• Dataset records:
◆ ◆ ◆ ◆ ◆ ◆ ◆
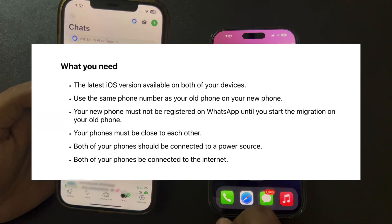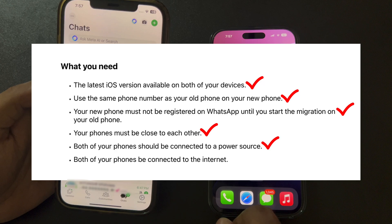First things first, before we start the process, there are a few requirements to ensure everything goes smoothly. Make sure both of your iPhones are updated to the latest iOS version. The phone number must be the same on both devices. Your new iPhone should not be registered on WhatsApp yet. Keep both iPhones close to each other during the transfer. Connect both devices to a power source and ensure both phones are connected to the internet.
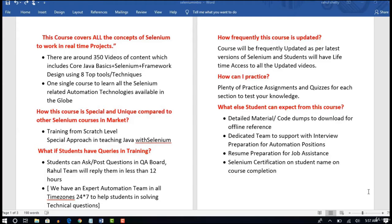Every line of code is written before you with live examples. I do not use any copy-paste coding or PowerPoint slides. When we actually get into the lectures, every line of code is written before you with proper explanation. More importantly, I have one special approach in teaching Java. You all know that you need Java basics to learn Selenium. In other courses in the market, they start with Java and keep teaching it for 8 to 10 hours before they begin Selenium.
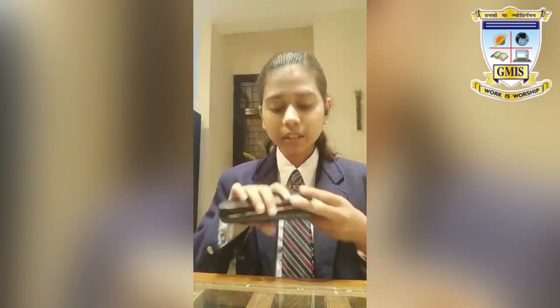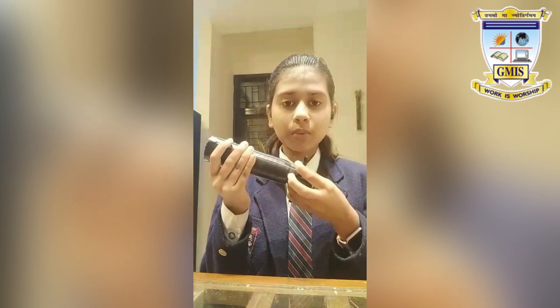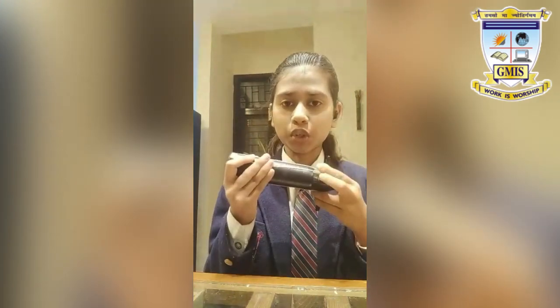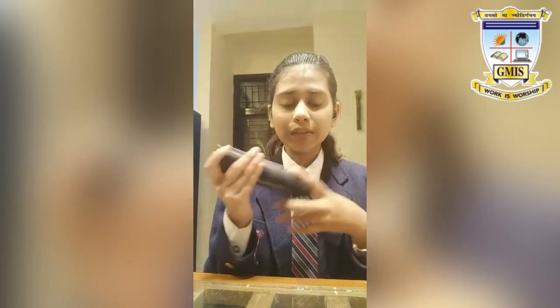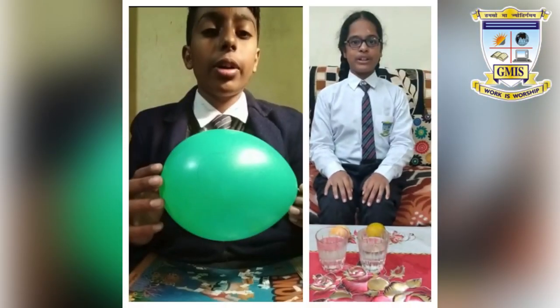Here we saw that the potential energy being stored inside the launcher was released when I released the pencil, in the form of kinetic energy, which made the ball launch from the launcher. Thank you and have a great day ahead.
◆ ◆ ◆ ◆ ◆ ◆ ◆
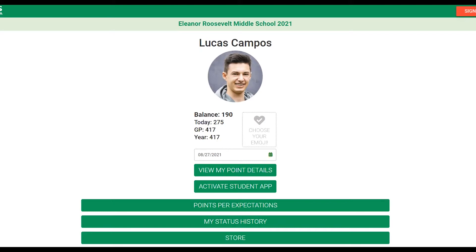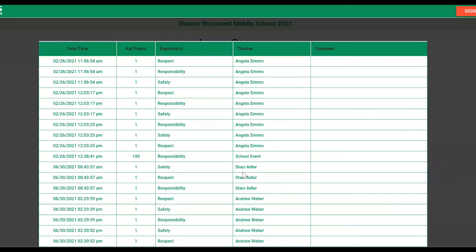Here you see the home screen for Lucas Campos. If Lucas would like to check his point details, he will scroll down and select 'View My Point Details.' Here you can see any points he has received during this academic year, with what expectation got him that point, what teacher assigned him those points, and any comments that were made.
◆ ◆ ◆ ◆ ◆ ◆ ◆
• Task instructions: Would you print exactly the lines in the listing above, from the line bearing "First things first, before" through the line bearing "Every line of code is written before you with live", leaving out all pictures?

• Result:
First things first, before we start the process, there are a few requirements to ensure everything goes smoothly. Make sure both of your iPhones are updated to the latest iOS version. The phone number must be the same on both devices. Your new iPhone should not be registered on WhatsApp yet. Keep both iPhones close to each other during the transfer. Connect both devices to a power source and ensure both phones are connected to the internet.
Every line of code is written before you with live examples. I do not use any copy-paste coding or PowerPoint slides. When we actually get into the lectures, every line of code is written before you with proper explanation. More importantly, I have one special approach in teaching Java. You all know that you need Java basics to learn Selenium. In other courses in the market, they start with Java and keep teaching it for 8 to 10 hours before they begin Selenium.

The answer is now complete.